Кристин сидит на переднем сиденье, положив ноги на приборную панель. Будь ее воля, ее сиденье было бы откинуто, и она не пристегивалась бы ремнем безопасности. Мой отец погиб в автокатастрофе, когда мне было пять, и с тех пор я соблюдаю все правила дорожного движения
— Это жутко, — объявляет Кристин, когда я рассказываю о том, что произошло после отключения телефонной линии. В ее части города никогда не отключали электричество, и она не ложилась спать до трех часов ночи, смотря "Пилу". — Я пыталась тебе перезвонить, но продолжала получать сообщение об ошибке. После того, как ты сказала, что он был снаружи, я всерьез подумывала о том, чтобы подъехать и убедиться, что с тобой все в порядке, но наши улицы были затоплены, а профессор Мудак не позволил мне уехать.
Несколько лет назад мама Кристин вышла замуж за гораздо более молодого мужчину, но ей недолго довелось наслаждаться браком, прежде чем она заболела раком. После смерти матери, Кристин перешла на попечение своего нового отчима, Никколо Терлицци. Он профессор Блэкморского университета и постоянная заноза в боку Кристин.
— Разве ты не в его классе в этом семестре? — Нервно спрашиваю я.
Она вздыхает и закрывает лицо рукой, в резких линиях вокруг ее рта появляется напряжение.

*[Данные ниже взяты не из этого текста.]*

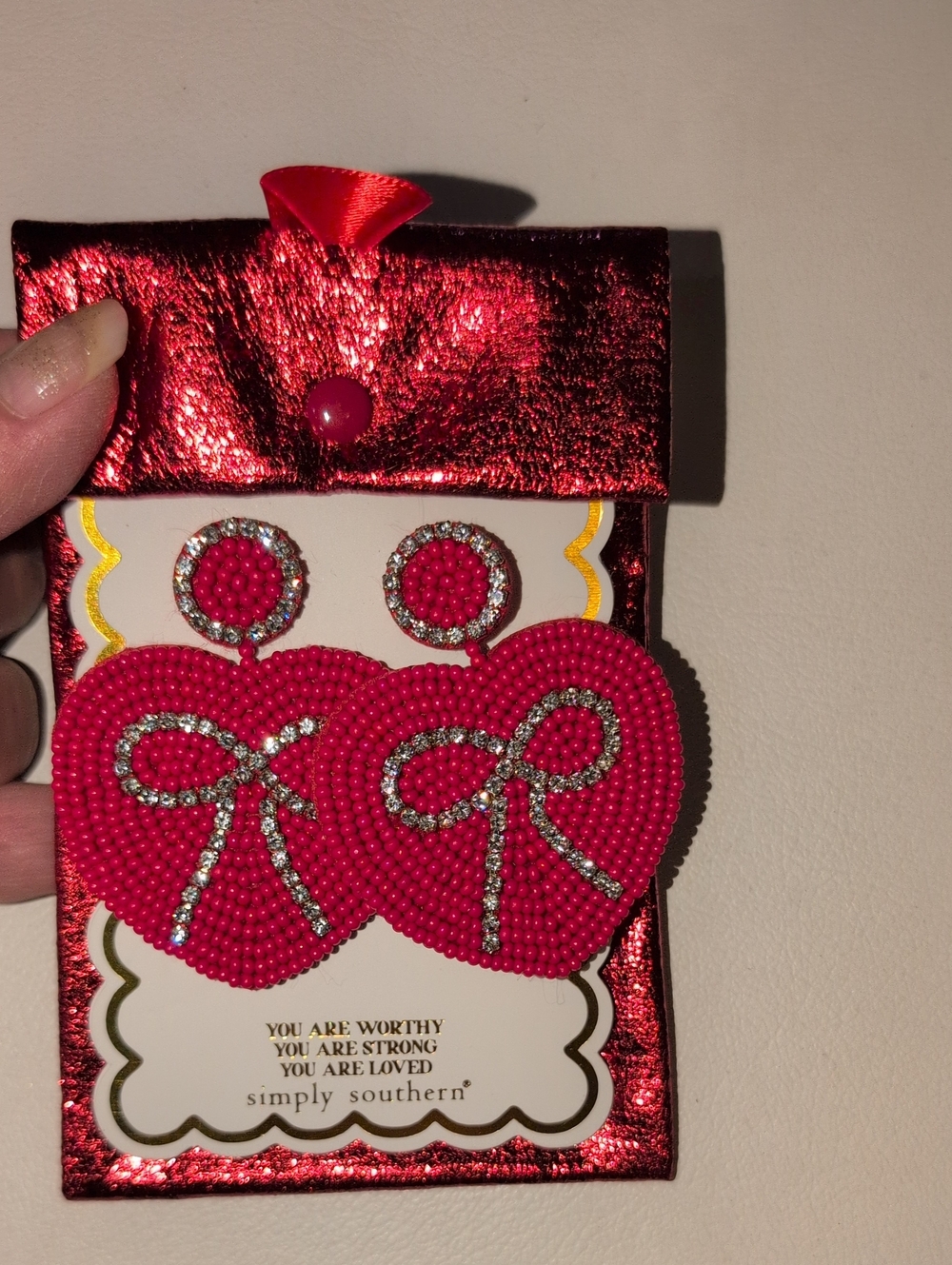 Simply Southern Pierced Red Beaded Heart Earrings with Rhinestone Bows - Picture 1 of 6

— Да. Мне нужно спросить своего консультанта, могу ли я перейти на другой курс психологии. Присутствие твоих детей в твоем классе должно быть незаконным.
Я прикусываю нижнюю губу и сворачиваю, чтобы объехать упавший знак ограничения скорости. Не хочу говорить Кристин, что технически она не родственница Никколо, и поэтому подобный закон на нее не распространяется.
— Я думала, Ник — единственный профессор психологии в Блэкморе.
Пристальный взгляд Кристин впивается в меня, угрожая проделать дыры в черепе.
— Я прожила с ним пять лет. Думаю, я в курсе этого. А еще мне кажется, что за пределами курса "Психология 101", нет необходимости его терпеть.
Она любит хвастаться тем, что имеет доступ к библиотеке Никколо и прочитала все его книги. Она считает, что это делает ее психологом-любителем.